Your daughter is getting ready to take her SATs; she's smart and ambitious, and wants to get into a top-tier school, eventually going into med school. Recent anonymous surveys indicate that 20% or more of students taking the test are using enhancers. Nobody's been able to do a formal study, but there are indications that these students are seeing boosts of 200-300 points in their scores. What advice do you give your daughter?
Fast-forward another ten years. Your kids have been using enhancers for the entire time. Originally, they were just a way to get a little extra "edge" -- but, having established a performance baseline while using them, who wants to become "dumber", slower, or sleepier by giving them up?
The problem is, the drugs aren't working quite as well as they used to. It's not surprising, really, at least not to a cognitively-enhanced neurochemist; enhancers, particularly the primitive second- and third-generation varieties, lead to short-term habituation and long-term neurological adaptation. New drugs are better, and with their help, new researchers are smarter. But they still can't do much to help those who scarred their brains with the older drugs.
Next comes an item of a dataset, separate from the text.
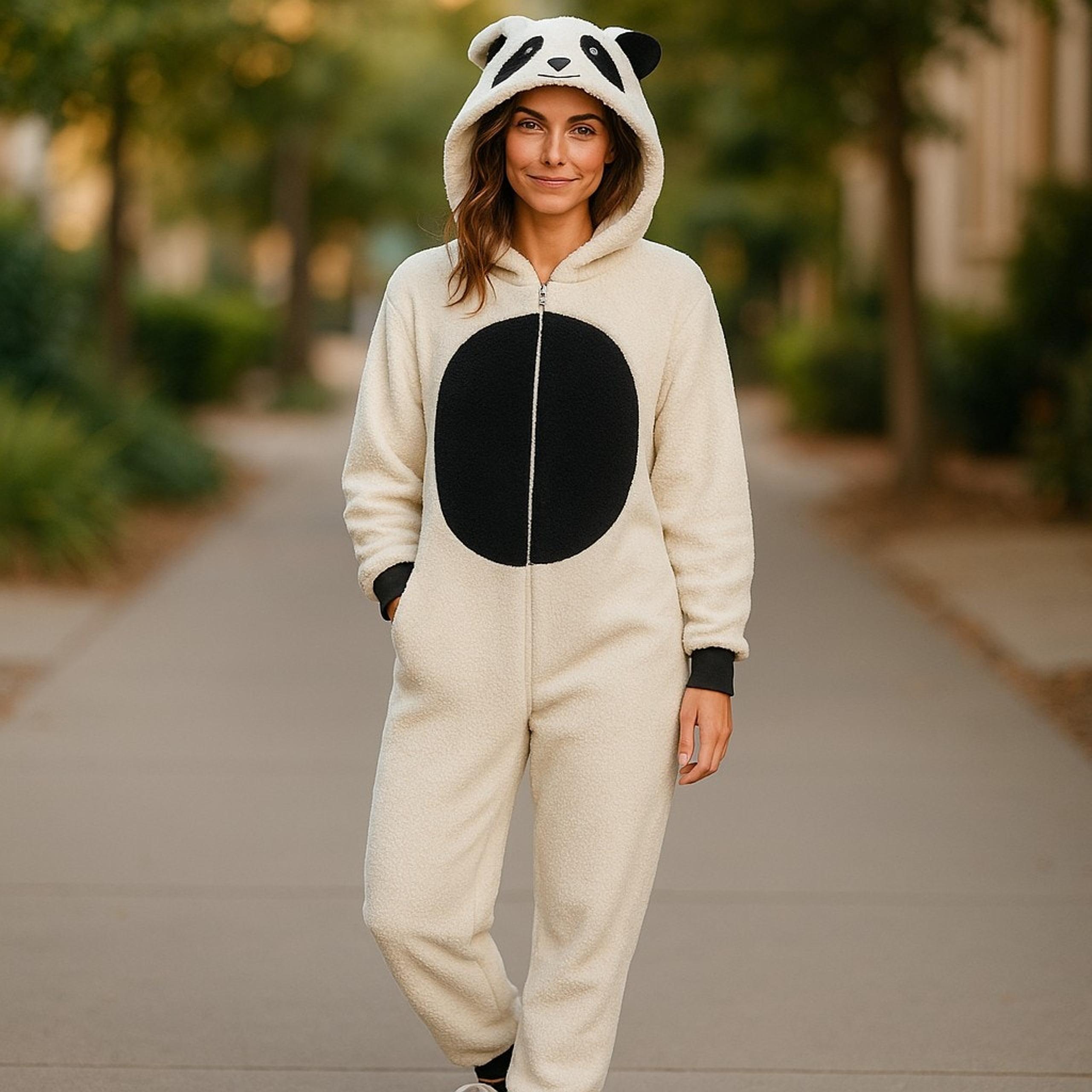 Faded Glory Womens Costume Size Small 4 6 Cream Black Panda Romper Sleeper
Your son is fairly secure in his position as a full partner, but the firm's newest hires are scary. Most of them simply don't sleep, ever; they're at the office for days at a time without rest, and when they do take "time off", they're out skydiving, or rock-climbing, or just partying. Partners have always had the power in law firms -- but how long can they maintain power when their underlings are so much smarter and more ambitious?
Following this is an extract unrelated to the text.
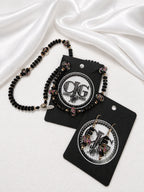 Black-Pink Crystal & Floral Necklace & Earrings Set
Your daughter... your daughter isn't doing so well. She's landed a great residency, but the early-21st-century movement to limit the length of residents' shifts faltered and died in the face of enhancement drugs. She doesn't really need sleep, but she misses it, and she misses the companionship that was once associated with it. (Who wants to be involved with a surgical resident, who's almost never home?) When she does try to sleep, her dreams are invaded by the brain-burn victims she sees at work, and she wakes up screaming.
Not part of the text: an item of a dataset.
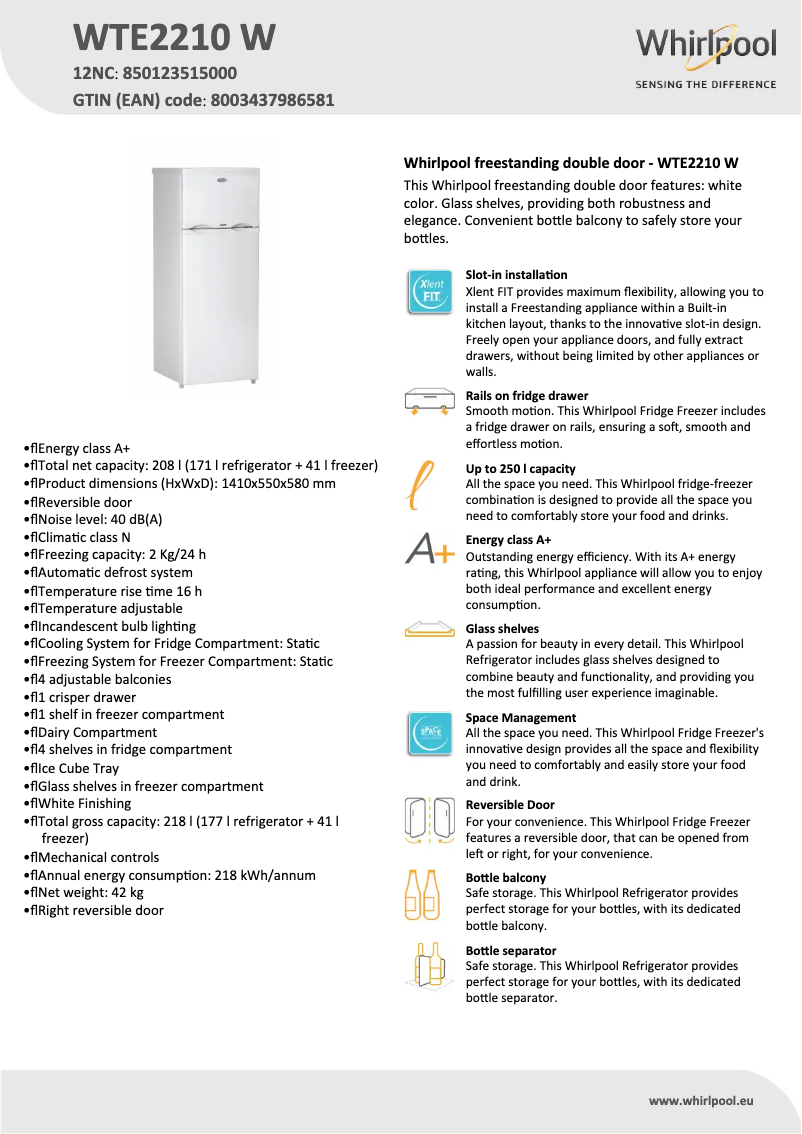 Page 1 of the manual Technical Sheet Whirlpool WTE2210 W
And sometimes the dreams intrude while she's nominally "awake". It's an increasingly common syndrome in long-term gen-3 enhancement users. The neurochemists are hoping that the new gen-5 products will help reduce this symptom.
I think we will go down this road. There's a very good chance I'll go down this road -- I've never felt like there was any such thing as being "smart enough". I think people in general, and researchers in particular, will be able to become "more intelligent", and once they do, they'll be able to figure out ways to accelerate the process.
But I think it's going to hurt. A lot.